TDVPEngine.sweep([optimize])

One 'sweep' of a sweeper algorithm.

TDVPEngine.switch_engine(other_engine, *[, ...])

Initialize algorithm from another algorithm instance of a different class.

TDVPEngine.update(N_steps)

Evolve by N_steps * dt.

TDVPEngine.update_env(**update_data)

Update the left and right environments after an update of the state.

TDVPEngine.update_local(theta, **kwargs)

Perform algorithm-specific local update.

Class Attributes and Properties

TDVPEngine.EffectiveH

TDVPEngine.engine_params

TDVPEngine.n_optimize

The number of sites to be optimized at once.
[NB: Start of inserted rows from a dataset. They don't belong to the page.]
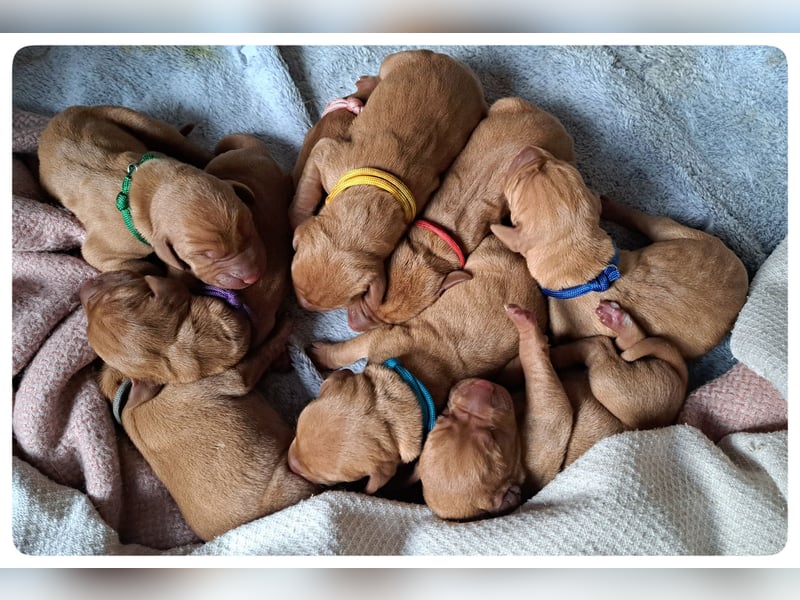 Magyar Vizsla Welpen suchen ab Mitte März ein neues liebevolles Zuhause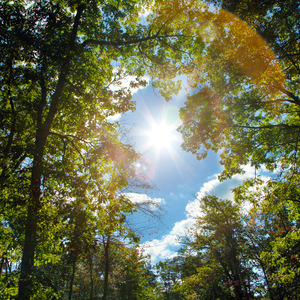 国产精品强奸网站

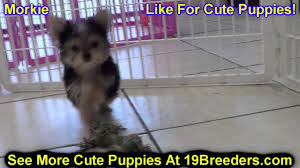 Check spelling or type a new query. Morkie Puppies For Sale In Duluth Minnesota County Mn Hennepin Dakota Washington Stearns Youtube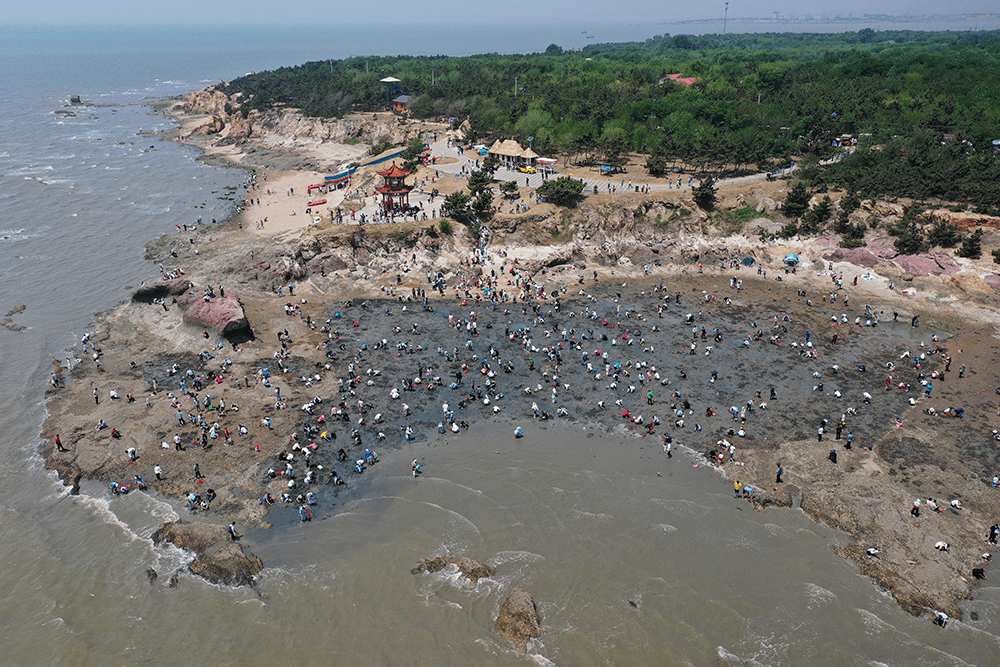 时隔三年再迎客青岛城阳红岛蛤蜊节引领潮流生活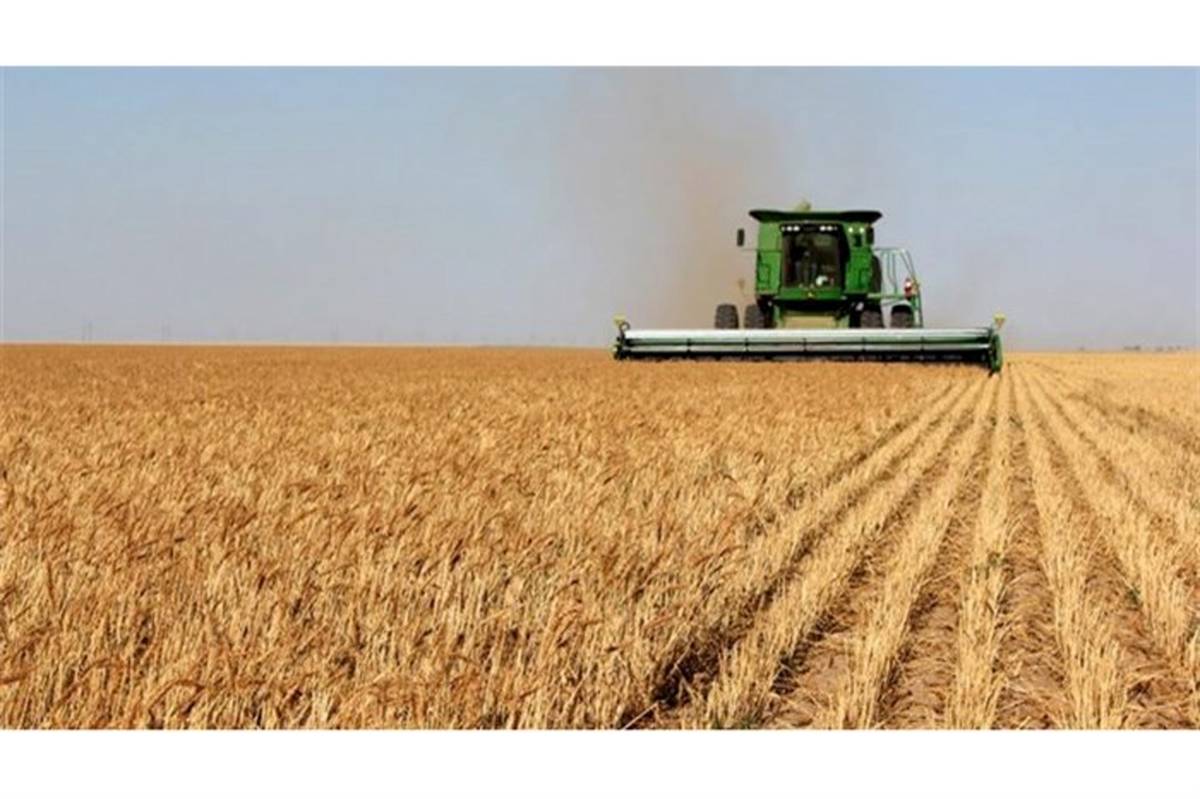 معاون اقتصادی استاندار: امسال 900 هزار تن گندم در آذربایجان شرقی تولید می‌شود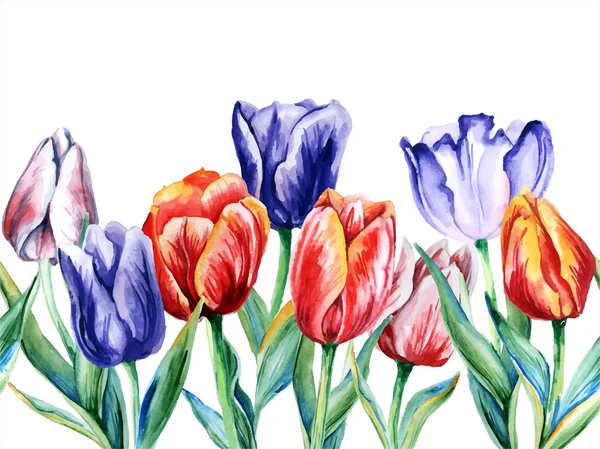 Akvarel vzorek s tulipány. — Stockový vektor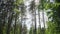 Pine trees in the forest against the sky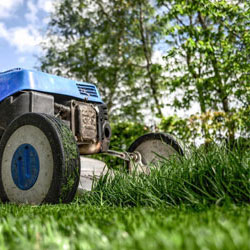 Lawn Care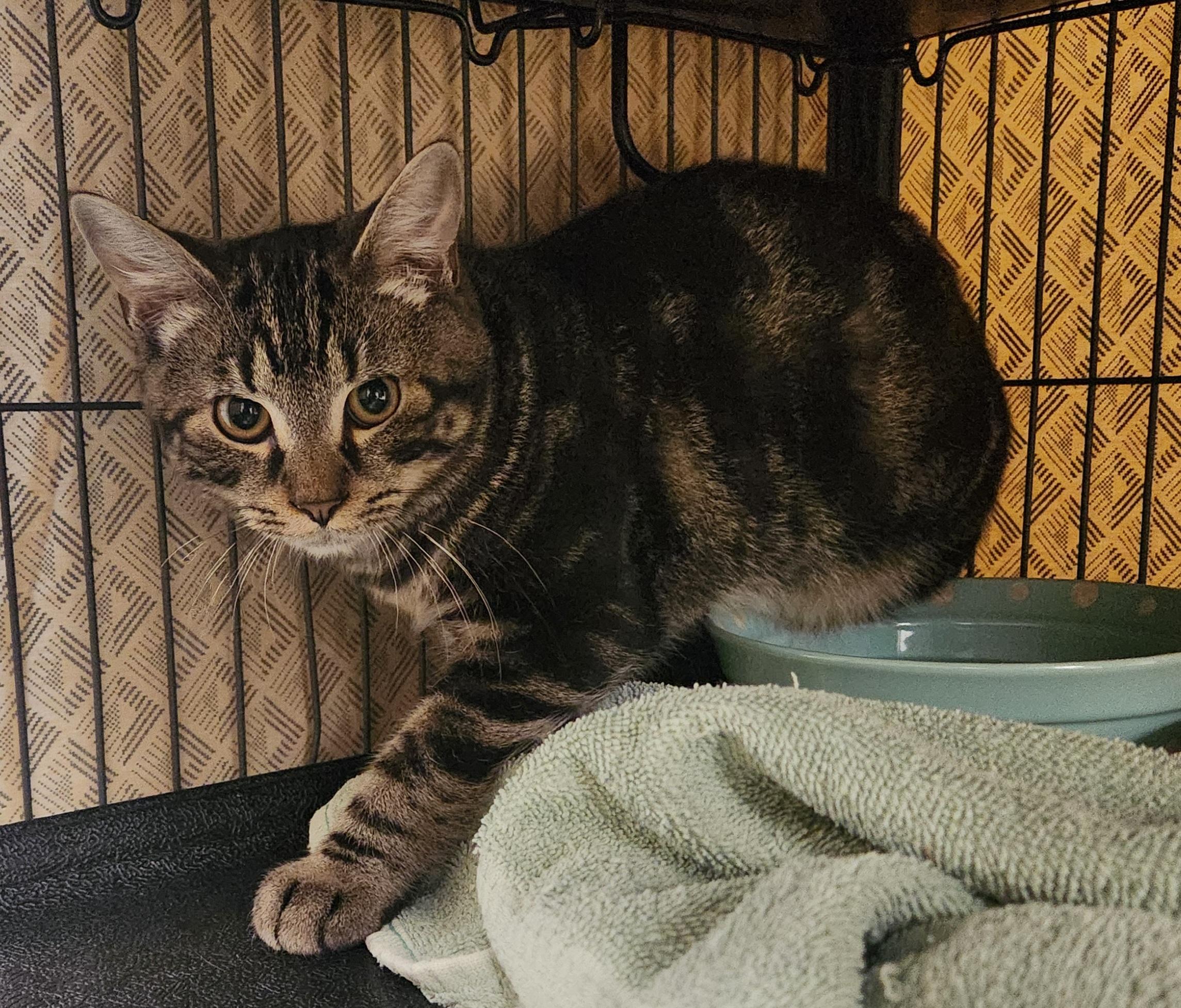Enlarge Mufasa, a Adoptable Domestic Short Hair in Clayton, NJ image 1/1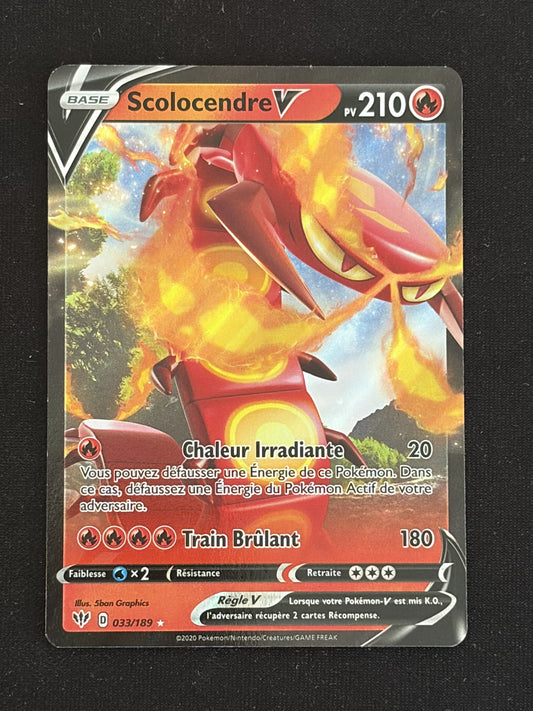 Scolocendre V 033 recto
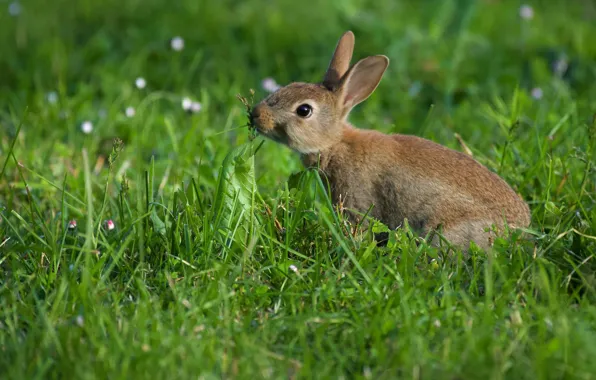 Grass, rabbit, rodent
TDVPEngine.time_dependent_H

whether the algorithm supports time-dependent H

TDVPEngine.verbose

class tenpy.algorithms.tdvp.TDVPEngine(psi, model, options, **kwargs)[source]

Bases: TimeEvolutionAlgorithm, Sweep

Time dependent variational principle algorithm for MPS.

This class contains all methods that are generic between SingleSiteTDVPEngine and TwoSiteTDVPEngine. Use the latter two classes for actual TDVP runs.

Deprecated since version 0.6.0: Renamed parameter/attribute TDVP_params to options.

Parameters

Options

config TDVP
option summary

active_sites in OldTDVPEngine

The number of active sites to be used for the time evolution. [...]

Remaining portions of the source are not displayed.